Simulated data
example_simulation
This is a demo for simulated data. We will discuss step by step how to
generate data, run an analysis as well as how to visualize the results.
Copy and paste the code chunks into a function to create your own
experiment or copy the function from the examples
folder of the
toolkit.
Generate data
First, we generate the simulated data using the
generate_data
function of the toolkit. We
will use 1000 examples and 100 features in both data modalities. We set
the signal to be sparse with 10% of the features in each modality that
are relevant to capture the association across modalities. The noise
parameter of the model is set to 1. For further details on the generative
model, see Mihalik et al. 2022.
%----- Generate data
% Data folder
data_dir = fullfile(fileparts(mfilename('fullpath')), 'example_simulation', 'data');
if ~exist(fullfile(data_dir, 'X.mat'), 'file') || ...

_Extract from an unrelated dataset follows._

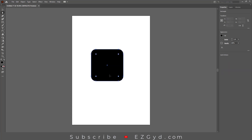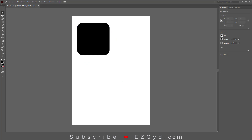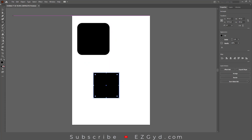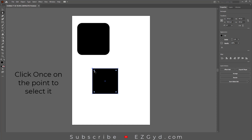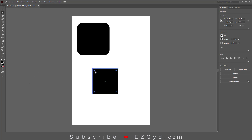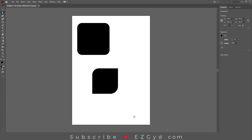You can also round any one or two corners of your choice. For this, click on any one corner and the corner is selected. As you can see, it is blue now. Now click and drag inside the shape to make it round. You can repeat the same with any other corner.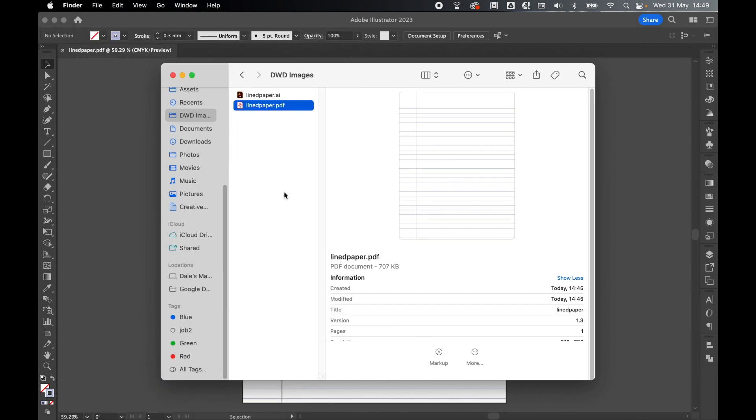So there you have it, it's that simple to create some college ruled line paper in Illustrator exported as a PDF ready for print. Really hope you found this tutorial helpful, and if you did, don't forget to like and subscribe. Thanks for watching, keep on designing, and I will see you for the next tutorial.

~exist(fullfile(data_dir, 'Y.mat'), 'file')
% Generate simulated data
[X, Y, wX, wY] = generate_data(1000, 100, 100, 10, 10, 1);
% Save simulated data and true model weights
if ~isfolder('data_dir')
mkdir(data_dir);
end
save(fullfile(data_dir, 'X.mat'), 'X');
save(fullfile(data_dir, 'Y.mat'), 'Y');
save(fullfile(data_dir, 'wX.mat'), 'wX');
save(fullfile(data_dir, 'wY.mat'), 'wY');
end
Analysis
Now we are ready to set up the analysis. We start by running set_path
to add the necessary paths of the toolkit to your MATLAB path.
%----- Analysis
% Set path for analysis
set_path;
Project folder
Next, we specify the folder to our project. Make sure to specify the correct path. We recommend to use a full path, but a relative path should also work.
% Project folder
cfg.dir.project = fullfile(fileparts(data_dir));
Machine
Now, we configure the CCA/PLS model we would like to use. We set
machine.name
to spls
for Sparse PLS.
To select the best hyperparameter (L1 regularization for SPLS), we will use
generalizability (measured as average out-of-sample corretion on the
validation sets) and stability (measured as the avarage similarity of
weights across the inner training sets) as a joint optimization criterion.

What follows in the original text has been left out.